Bangalore Blues is the latest album by Jazz vocalist and author Radha Thomas which is soon set for release. It all started in 2011 as a Google search for Radha who was looking for a piano player and found Aman Mahajan just two streets away in Cox Town. “A match made in musical heaven” she says as they have since been working together, composing and playing much music across India and Europe. While their music is rooted firmly in jazz, there are definite strains of India in the songs. But Radha, who grew up mostly in a boarding school in Panchgani, joined a rock and roll band and later lived in New York. Radha Thomas spoke with Metroplus about the making of her album.
Is Bangalore Blues a melancholic tribute to the city?
The album didn’t happen overnight. Aman (Mahajan) and me, have been writing and trying to perfect the music for almost ten years. It’s only now that we felt ready to make an album. It’s called ‘Bangalore Blues’ because that’s the title track. This is a song I wrote a while ago, when I wasn’t in this city, and missing it a lot, feeling all nostalgic about it. The song got completed after I met Aman and he added his magic to it.
The album is not so much an ode to Bangalore as it is a just a statement of fact. I think that missing Bangalore and writing a sad song about that is very different to living in the city and facing day-to-day issues. We have another song called ‘Load Shedding,’ which is all about the power cuts in town. So it’s not all rosy and pink you know. Sometimes it’s black and candle lit. We have a video for this song, which was actually shot entirely in candlelight by this gifted film maker, Sharath Holla. https://youtu.be/PMo6jDg5TEQ
Could you talk about the process of creating the album?
I wrote all the lyrics to all the songs. Two of the melodies were composed by Aman, ‘Leifmotif’ and ‘Load Shedding.’ All the others were mine, but with huge inputs from Aman in terms of chords and arrangements. So, it’s a huge collaborative effort. Aman and I tend to get the same ideas almost simultaneously.
Could you describe the songs?
‘The Morning After’ with Indian melodic influences and a jazz treatment, describes the after-effects of a night with supersized gin and tonics with a girlfriend in lower Manhattan. ‘Jailer’ is a waltzy song that talks about a terrible experience that I had years ago. Rather than tackling the abuser, it was happier to write songs about it. ‘Would I Lie for you’ is a funky tune used with a typical Mridanga korvai to suit the rap lyrics. The Indian influence is evident here, but the treatment is neo jazz.

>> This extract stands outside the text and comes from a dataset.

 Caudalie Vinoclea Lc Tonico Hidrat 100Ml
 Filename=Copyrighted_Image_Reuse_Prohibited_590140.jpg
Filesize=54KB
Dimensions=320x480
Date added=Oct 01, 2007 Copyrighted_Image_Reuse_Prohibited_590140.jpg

‘Leifmotif’ a delicate composition by Aman is in seven beats for the most part. The buried origins of this song are in the raag Yaman, but with so many jazz substitutions, it is only felt and not heard. ‘Only Illusion’ has syncopating rhythms and changing time-feel..a meditative song of love and longing. The piano work is almost classical in nature. ‘Bangalore Blues’ talks of a snowy winter’s day in New York, when I longed for the jacaranda trees and greenness of home.
What made you choose artist Paul Fernandes to be associated with your album and video?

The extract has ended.